Este evangelio nos pone, como el del anterior Domingo, en guardia ante nuestra prepotencia o nuestra creída “ganada salvación”.
Otra vez nos pone Jesús en escena a publicanos y prostitutas, para hacernos caer en la cuenta que no todo es fachada, que por el hecho de asistir al templo, a los grupos, a las charlas espirituales, a la misa… no tenemos nada ganado en el cielo si no damos el cayo para construir el Reino a nuestro alrededor.

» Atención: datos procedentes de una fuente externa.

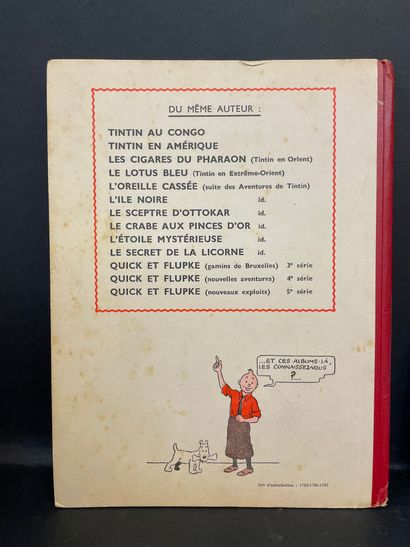 HERGÉ. Les Aventures de Tintin. L’Etoile mystérieuse. Tournai-Paris, Casterman, (1943),...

Y ese Reino, se construye: no creando cizaña a nuestro alrededor, siendo “trigo limpio”, cumpliendo con nuestro trabajo honradamente y siendo amable con los demás, asumiendo la alegría del día a día tanto en la precariedad como en la plenitud, negándonos a nosotros mismos queriendo lo que hacemos, buscamos y amamos.  Lo demás… son “gavinas de cochero”, si no somos capaces, desde por la mañana en intentar descubrir la voluntad de Dios, al final estamos creando un cristianismo de boquilla, de cosas bonitas, de manifestaciones multitudinarias… pero sin fundamento. Lo que de verdad hace crecer, es el “entrenamiento diario” de responder al Señor, unas veces con más prontitud otras con menos, pero al final se va, que es lo importante. Y mira por donde, la mayoría de las veces, esa voluntad de Dios aparece muy clara, en su Palabra, en el hermano más desfavorecido y necesitado de cariño, en nuestra conciencia, en una señal o un hecho acontecido…Que nadie se engañe, Dios se vale de muchos métodos para avisarnos, para llamarnos… Y como Padre bueno que es, nos perdona y nos deja recomenzar con el mismo amor hacia nosotros.